BELLINI Norma (Rizzi)
This is the third filmed version of Norma to have appeared in the past year and, for me, the best – at least in musical terms. Unlike its main rival, from Covent Garden, it features not only a compelling Norma but also an Adalgisa in danger of stealing the show as well as her man. In Sondra Radvanovsky and Joyce DiDonato the Met production has two singers at the height of their formidable powers.
Radvanovsky admittedly makes a bit of a slow start – you’ll hear more seamless and melting ‘Casta divas’ elsewhere – but the voice only grows in authority as the evening progresses: firm and focused, and big and beautiful. And it is backed up by a formidable technical arsenal allied to the sort of grand, old-school artistry we see too rarely these days. DiDonato’s artistry here is no less impressive and she’s profoundly moving as a gamine, innocent and big-hearted Aldalgisa, the voice, distinguished by a hint of quick vibrato, employed with imagination and a wonderful sense of bel canto style.
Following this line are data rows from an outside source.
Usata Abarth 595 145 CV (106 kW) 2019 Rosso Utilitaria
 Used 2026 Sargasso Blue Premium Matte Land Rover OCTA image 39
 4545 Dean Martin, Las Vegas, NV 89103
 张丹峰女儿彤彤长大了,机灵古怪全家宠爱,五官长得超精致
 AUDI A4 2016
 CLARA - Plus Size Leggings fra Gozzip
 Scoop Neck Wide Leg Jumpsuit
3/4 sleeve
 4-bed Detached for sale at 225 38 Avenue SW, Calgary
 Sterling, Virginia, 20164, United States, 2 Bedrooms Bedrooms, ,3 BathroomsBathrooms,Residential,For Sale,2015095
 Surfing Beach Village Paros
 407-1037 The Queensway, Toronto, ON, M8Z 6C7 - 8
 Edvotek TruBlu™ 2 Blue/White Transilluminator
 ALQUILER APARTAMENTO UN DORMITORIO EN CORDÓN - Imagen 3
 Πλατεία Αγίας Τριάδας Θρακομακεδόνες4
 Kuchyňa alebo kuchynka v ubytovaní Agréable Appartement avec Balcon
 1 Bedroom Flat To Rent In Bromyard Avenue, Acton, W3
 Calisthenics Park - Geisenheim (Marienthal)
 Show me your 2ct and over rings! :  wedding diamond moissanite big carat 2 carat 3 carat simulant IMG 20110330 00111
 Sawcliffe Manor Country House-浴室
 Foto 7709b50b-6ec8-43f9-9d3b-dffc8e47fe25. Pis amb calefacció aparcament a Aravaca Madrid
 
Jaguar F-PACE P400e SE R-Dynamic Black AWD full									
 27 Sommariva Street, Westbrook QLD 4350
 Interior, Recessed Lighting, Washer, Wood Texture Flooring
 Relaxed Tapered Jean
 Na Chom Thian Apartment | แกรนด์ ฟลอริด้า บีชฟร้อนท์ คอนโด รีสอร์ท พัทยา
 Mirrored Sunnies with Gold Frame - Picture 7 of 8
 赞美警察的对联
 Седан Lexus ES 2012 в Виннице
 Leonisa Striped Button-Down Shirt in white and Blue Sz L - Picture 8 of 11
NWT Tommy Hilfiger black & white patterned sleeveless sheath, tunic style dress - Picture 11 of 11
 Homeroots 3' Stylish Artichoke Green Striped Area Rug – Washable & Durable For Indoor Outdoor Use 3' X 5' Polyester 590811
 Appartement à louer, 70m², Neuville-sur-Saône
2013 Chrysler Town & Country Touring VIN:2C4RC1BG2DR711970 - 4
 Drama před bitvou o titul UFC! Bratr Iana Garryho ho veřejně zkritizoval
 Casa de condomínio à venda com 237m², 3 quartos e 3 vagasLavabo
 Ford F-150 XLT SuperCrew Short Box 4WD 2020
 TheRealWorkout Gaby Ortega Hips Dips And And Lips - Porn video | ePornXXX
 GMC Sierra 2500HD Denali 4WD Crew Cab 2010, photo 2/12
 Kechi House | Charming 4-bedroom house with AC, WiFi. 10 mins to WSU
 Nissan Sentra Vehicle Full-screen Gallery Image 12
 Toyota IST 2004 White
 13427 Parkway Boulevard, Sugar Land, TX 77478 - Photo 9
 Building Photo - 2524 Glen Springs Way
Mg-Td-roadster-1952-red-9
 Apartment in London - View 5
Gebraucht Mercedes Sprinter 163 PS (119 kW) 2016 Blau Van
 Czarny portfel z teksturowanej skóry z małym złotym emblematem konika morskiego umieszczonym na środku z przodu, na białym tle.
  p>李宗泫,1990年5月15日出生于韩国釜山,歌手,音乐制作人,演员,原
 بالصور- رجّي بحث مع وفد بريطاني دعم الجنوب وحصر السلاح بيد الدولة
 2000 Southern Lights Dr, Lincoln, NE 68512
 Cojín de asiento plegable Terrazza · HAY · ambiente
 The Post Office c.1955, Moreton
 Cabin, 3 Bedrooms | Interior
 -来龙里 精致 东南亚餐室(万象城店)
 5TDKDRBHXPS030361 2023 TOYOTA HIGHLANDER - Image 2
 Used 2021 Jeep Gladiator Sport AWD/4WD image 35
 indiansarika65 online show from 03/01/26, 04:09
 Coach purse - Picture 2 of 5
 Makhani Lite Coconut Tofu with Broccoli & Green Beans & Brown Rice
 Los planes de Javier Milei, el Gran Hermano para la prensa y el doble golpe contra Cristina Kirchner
Beside these two, Joseph Calleja’s Pollione (also heard on the Covent Garden film) offers virtues of a less subtle sort, perhaps, and he tires during the course of his big Act 1 scene with Adalgisa. The voice itself, bright and open and also characterised by a quick vibrato, is on robuster form than elsewhere recently, and there’s enormous pleasure to be had from singing of such generosity and ardency. Matthew Rose is on noble form as Oroveso, and watch out for Michelle Bradley’s moving Clotilde, sung in an impressively rich and steady mezzo. Carlo Rizzi’s love for the score comes across in every bar; he conducts the Met Orchestra superbly and they play gloriously for him.
David McVicar deserves praise for bringing out such moving acting from Radvanovsky and DiDonato in particular but the production itself is less satisfying. Robert Jones’s set – a fantasy forest under which is hidden a vast fake-looking hut for Norma’s home – resembles something out of Lord of the Rings, and the director piles in too many of the snarling, overacting extras of which he is so fond. Less here would certainly have been more, and the prosaic production adds little to the poetry of the singing – especially at the close. The camerawork for Met relays seems to be getting ever more tricksy and over-elaborate, too. Happily, though, none of this significantly detracts from some glorious central performances, conducting and playing.